Shay Agroskin March 9, 2023, 1:13 p.m. UTC
This attribute, which is part of ethtool's ring param configuration
allows the user to specify the maximum number of the packet's payload
that can be written directly to the device.

Example usage:
    # ethtool -G [interface] tx-push-buf-len [number of bytes]
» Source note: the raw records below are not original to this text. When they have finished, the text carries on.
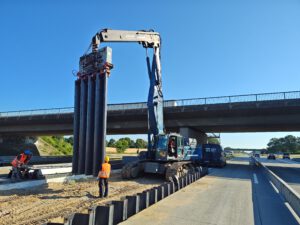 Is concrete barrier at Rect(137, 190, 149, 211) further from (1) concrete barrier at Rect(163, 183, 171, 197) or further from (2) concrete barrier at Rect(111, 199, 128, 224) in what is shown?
(1) concrete barrier at Rect(163, 183, 171, 197)

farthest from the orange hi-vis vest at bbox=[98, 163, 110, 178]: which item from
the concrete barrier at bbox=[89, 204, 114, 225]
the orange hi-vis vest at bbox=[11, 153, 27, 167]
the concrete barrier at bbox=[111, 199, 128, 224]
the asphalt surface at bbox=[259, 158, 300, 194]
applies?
the asphalt surface at bbox=[259, 158, 300, 194]

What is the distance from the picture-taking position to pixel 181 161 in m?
19.3

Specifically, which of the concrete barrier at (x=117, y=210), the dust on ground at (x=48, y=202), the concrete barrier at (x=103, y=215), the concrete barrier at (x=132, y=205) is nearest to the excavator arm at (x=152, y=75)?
the dust on ground at (x=48, y=202)

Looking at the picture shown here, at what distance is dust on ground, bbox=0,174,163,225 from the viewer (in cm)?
856

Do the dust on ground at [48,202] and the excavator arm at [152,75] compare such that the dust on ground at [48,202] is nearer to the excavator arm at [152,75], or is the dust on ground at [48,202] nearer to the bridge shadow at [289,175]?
the excavator arm at [152,75]

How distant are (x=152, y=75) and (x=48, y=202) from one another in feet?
37.3

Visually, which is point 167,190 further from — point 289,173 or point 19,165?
point 289,173

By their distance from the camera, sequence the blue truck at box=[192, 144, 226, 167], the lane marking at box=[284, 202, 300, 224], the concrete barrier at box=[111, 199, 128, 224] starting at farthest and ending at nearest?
the blue truck at box=[192, 144, 226, 167], the lane marking at box=[284, 202, 300, 224], the concrete barrier at box=[111, 199, 128, 224]

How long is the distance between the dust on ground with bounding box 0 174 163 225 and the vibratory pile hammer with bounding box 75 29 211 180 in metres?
2.87

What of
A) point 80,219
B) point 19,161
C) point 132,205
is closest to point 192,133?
point 19,161

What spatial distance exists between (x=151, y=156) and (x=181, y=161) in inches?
81.2

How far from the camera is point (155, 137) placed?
18.8 metres

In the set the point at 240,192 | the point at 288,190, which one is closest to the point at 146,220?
the point at 288,190

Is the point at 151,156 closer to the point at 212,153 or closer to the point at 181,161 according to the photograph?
the point at 181,161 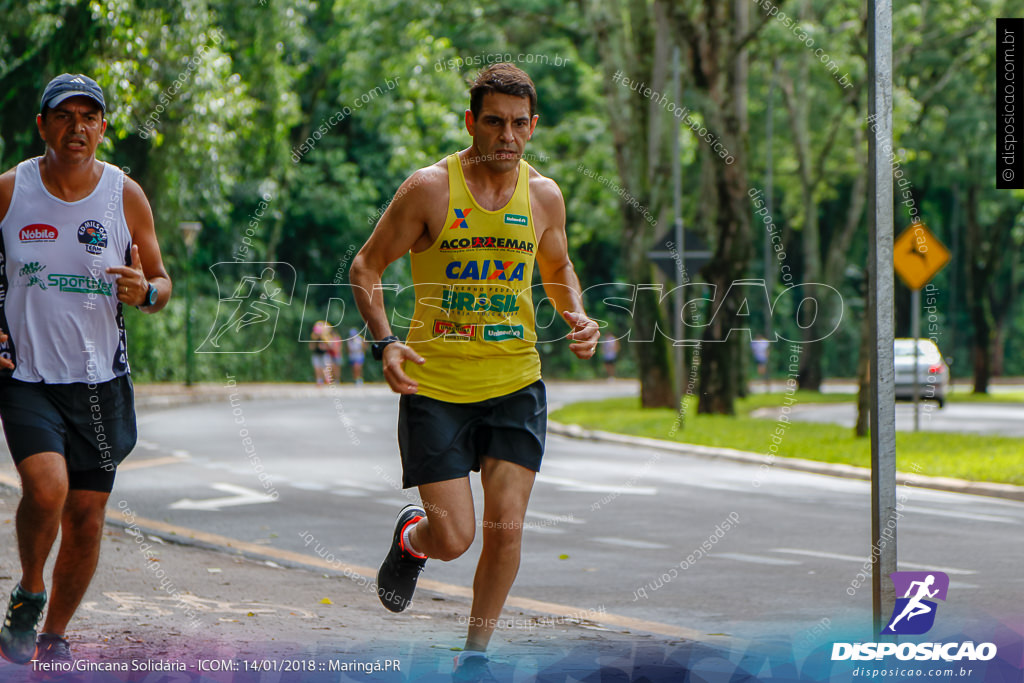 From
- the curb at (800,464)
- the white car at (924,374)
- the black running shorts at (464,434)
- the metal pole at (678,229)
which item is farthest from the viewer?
the white car at (924,374)

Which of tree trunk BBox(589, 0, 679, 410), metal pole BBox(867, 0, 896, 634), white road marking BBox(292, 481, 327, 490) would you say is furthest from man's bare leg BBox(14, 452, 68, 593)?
tree trunk BBox(589, 0, 679, 410)

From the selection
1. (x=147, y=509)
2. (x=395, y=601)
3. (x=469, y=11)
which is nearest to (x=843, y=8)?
(x=469, y=11)

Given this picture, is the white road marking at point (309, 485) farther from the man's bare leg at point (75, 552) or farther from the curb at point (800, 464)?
the man's bare leg at point (75, 552)

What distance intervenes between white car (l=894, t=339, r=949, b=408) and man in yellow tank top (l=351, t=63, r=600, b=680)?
81.5 feet

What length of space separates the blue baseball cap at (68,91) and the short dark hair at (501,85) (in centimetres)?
119

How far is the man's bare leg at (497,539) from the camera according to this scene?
4.81 m

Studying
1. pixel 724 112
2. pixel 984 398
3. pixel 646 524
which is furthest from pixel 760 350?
pixel 646 524

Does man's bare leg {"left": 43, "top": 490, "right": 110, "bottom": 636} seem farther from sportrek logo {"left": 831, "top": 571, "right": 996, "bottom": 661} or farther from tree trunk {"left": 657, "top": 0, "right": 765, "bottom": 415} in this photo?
tree trunk {"left": 657, "top": 0, "right": 765, "bottom": 415}

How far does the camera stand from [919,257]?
17.7 m

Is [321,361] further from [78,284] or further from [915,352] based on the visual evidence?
[78,284]

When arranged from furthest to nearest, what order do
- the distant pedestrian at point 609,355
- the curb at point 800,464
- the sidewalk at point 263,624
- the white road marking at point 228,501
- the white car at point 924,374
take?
the distant pedestrian at point 609,355 → the white car at point 924,374 → the curb at point 800,464 → the white road marking at point 228,501 → the sidewalk at point 263,624

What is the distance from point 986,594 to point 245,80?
1881 cm

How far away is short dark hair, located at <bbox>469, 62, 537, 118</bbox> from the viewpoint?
4.70 metres

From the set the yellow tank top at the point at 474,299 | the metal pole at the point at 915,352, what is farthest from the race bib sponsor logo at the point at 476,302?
the metal pole at the point at 915,352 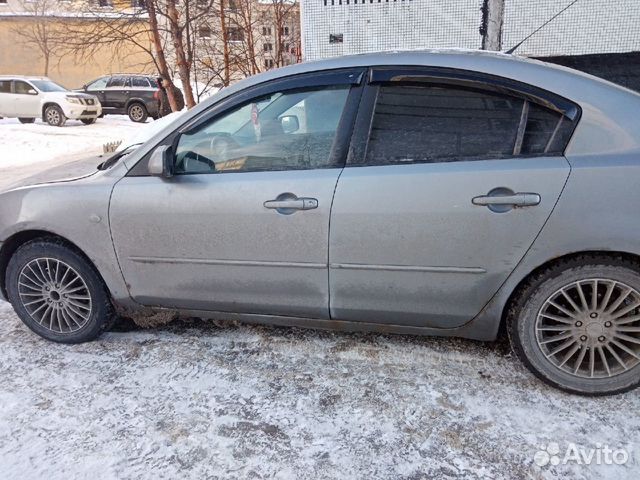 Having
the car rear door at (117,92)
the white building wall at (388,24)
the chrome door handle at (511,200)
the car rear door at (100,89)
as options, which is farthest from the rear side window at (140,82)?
the chrome door handle at (511,200)

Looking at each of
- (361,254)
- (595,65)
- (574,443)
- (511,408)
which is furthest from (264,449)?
(595,65)

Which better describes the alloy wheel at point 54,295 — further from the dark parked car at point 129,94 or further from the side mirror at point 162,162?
the dark parked car at point 129,94

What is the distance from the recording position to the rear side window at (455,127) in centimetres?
213

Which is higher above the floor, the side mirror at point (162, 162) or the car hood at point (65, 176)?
the side mirror at point (162, 162)

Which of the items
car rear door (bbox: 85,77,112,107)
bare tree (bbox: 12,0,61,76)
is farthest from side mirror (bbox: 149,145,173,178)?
bare tree (bbox: 12,0,61,76)

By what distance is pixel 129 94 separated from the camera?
1814cm

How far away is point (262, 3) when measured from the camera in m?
15.7

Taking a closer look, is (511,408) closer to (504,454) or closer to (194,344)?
(504,454)

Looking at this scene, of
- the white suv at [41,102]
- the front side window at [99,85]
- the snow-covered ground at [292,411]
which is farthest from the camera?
the front side window at [99,85]

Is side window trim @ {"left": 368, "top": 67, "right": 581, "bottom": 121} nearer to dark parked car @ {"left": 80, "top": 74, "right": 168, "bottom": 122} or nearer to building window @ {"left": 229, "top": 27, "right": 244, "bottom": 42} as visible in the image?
building window @ {"left": 229, "top": 27, "right": 244, "bottom": 42}

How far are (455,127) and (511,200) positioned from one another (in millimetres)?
450

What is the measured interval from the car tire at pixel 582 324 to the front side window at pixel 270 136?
1204 mm

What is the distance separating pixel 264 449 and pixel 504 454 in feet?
3.37

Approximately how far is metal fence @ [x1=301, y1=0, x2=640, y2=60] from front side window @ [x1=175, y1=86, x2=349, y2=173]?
21.8ft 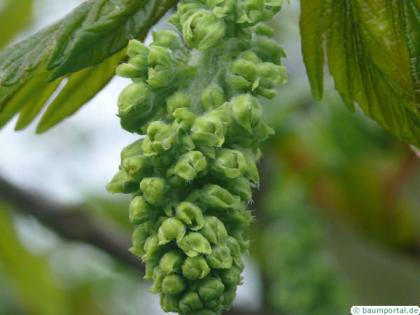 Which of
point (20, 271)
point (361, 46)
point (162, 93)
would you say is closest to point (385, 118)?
point (361, 46)

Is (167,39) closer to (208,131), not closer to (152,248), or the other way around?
(208,131)

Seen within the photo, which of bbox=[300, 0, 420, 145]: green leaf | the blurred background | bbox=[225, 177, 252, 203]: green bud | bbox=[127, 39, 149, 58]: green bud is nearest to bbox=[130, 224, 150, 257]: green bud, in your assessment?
bbox=[225, 177, 252, 203]: green bud

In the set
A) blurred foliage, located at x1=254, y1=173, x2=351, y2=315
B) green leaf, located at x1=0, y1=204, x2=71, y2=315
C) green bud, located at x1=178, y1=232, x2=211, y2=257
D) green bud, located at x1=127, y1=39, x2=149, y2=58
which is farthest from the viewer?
green leaf, located at x1=0, y1=204, x2=71, y2=315

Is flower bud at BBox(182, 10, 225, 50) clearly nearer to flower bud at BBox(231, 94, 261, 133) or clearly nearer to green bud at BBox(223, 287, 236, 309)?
Answer: flower bud at BBox(231, 94, 261, 133)

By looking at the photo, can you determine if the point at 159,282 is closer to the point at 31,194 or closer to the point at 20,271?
the point at 31,194

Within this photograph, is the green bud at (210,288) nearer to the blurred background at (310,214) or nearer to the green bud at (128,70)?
the green bud at (128,70)

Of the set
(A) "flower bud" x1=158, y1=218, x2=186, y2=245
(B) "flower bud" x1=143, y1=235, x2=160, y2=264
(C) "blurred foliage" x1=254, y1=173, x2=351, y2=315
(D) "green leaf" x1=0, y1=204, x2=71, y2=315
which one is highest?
(A) "flower bud" x1=158, y1=218, x2=186, y2=245

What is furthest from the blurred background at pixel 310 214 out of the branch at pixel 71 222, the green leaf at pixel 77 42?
the green leaf at pixel 77 42

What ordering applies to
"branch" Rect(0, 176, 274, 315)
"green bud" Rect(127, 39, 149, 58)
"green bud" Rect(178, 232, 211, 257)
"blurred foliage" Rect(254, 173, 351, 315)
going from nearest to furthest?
"green bud" Rect(178, 232, 211, 257) < "green bud" Rect(127, 39, 149, 58) < "branch" Rect(0, 176, 274, 315) < "blurred foliage" Rect(254, 173, 351, 315) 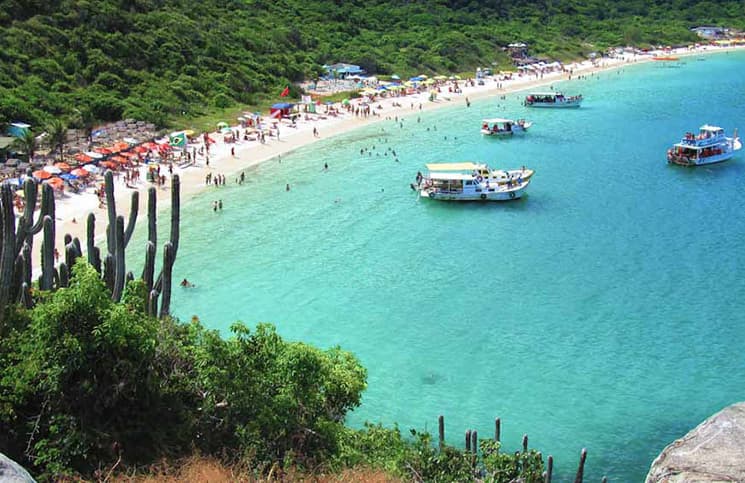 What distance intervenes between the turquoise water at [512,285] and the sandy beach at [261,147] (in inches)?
92.9

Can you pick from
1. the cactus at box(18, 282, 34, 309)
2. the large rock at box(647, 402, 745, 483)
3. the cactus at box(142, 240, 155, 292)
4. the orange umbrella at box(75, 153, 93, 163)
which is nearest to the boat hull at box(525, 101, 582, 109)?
the orange umbrella at box(75, 153, 93, 163)

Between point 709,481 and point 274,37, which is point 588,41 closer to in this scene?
point 274,37

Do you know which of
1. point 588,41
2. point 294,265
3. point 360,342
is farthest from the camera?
point 588,41

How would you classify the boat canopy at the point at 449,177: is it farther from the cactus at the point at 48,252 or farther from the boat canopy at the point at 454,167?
the cactus at the point at 48,252

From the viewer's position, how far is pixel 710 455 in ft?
40.2

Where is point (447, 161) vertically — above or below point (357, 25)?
below

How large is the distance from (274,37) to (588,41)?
70325 millimetres

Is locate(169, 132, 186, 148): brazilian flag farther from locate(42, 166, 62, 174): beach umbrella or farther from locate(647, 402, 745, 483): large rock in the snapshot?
locate(647, 402, 745, 483): large rock

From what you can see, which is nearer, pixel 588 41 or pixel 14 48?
pixel 14 48

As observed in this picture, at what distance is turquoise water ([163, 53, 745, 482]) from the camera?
3022cm

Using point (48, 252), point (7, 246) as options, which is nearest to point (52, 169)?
point (48, 252)

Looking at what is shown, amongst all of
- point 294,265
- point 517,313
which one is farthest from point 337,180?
point 517,313

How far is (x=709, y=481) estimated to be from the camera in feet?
38.4

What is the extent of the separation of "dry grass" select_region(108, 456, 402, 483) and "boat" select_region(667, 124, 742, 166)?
58573 mm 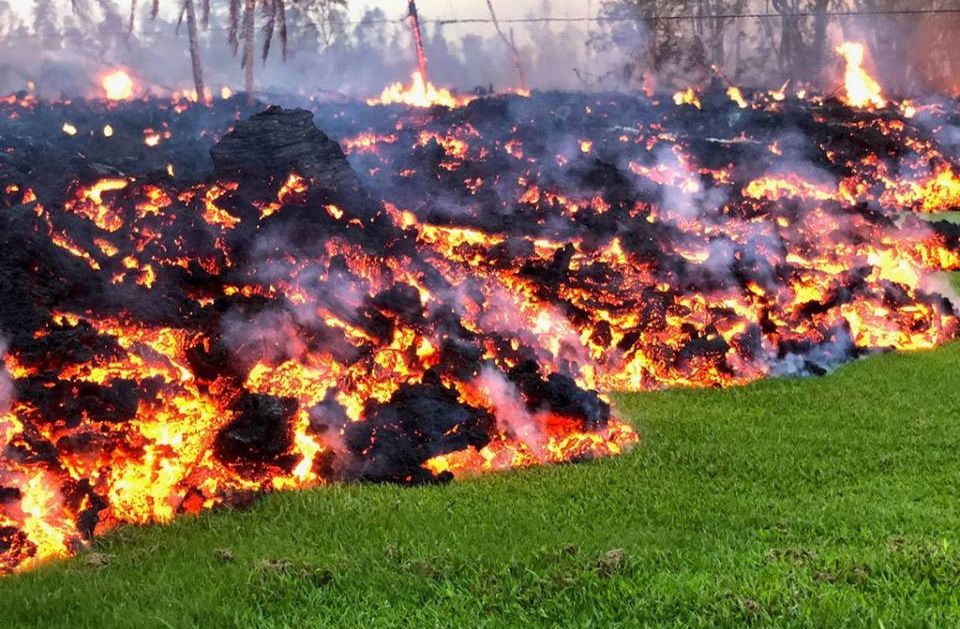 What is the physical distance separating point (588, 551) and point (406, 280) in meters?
5.22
Co-developed-by: Jakub Kicinski <kuba@kernel.org>
Signed-off-by: Jakub Kicinski <kuba@kernel.org>
Signed-off-by: Shay Agroskin <shayagr@amazon.com>
---
 Documentation/netlink/specs/ethtool.yaml     |  8 ++++
 Documentation/networking/ethtool-netlink.rst | 43 ++++++++++++--------
 include/linux/ethtool.h                      | 14 +++++--
 include/uapi/linux/ethtool_netlink.h         |  2 +
 net/ethtool/netlink.h                        |  2 +-
 net/ethtool/rings.c                          | 33 ++++++++++++++-
 6 files changed, 79 insertions(+), 23 deletions(-)

Comments

Simon Horman March 9, 2023, 4:25 p.m. UTC | #1
On Thu, Mar 09, 2023 at 03:13:15PM +0200, Shay Agroskin wrote:
> This attribute, which is part of ethtool's ring param configuration
> allows the user to specify the maximum number of the packet's payload
> that can be written directly to the device.
> 
> Example usage:
>     # ethtool -G [interface] tx-push-buf-len [number of bytes]
> 
> Co-developed-by: Jakub Kicinski <kuba@kernel.org>
> Signed-off-by: Jakub Kicinski <kuba@kernel.org>
> Signed-off-by: Shay Agroskin <shayagr@amazon.com>

Reviewed-by: Simon Horman <simon.horman@corigine.com>
Gal Pressman March 9, 2023, 5:15 p.m. UTC | #2
On 09/03/2023 15:13, Shay Agroskin wrote:
> +``ETHTOOL_A_RINGS_TX_PUSH_BUF_LEN`` specifies the maximum number of bytes of a
> +transmitted packet a driver can push directly to the underlying device
> +('push' mode). Pushing some of the payload bytes to the device has the
> +advantages of reducing latency for small packets by avoiding DMA mapping (same
> +as ``ETHTOOL_A_RINGS_TX_PUSH`` parameter) as well as allowing the underlying
> +device to process packet headers ahead of fetching its payload.
> +This can help the device to make fast actions based on the packet's headers.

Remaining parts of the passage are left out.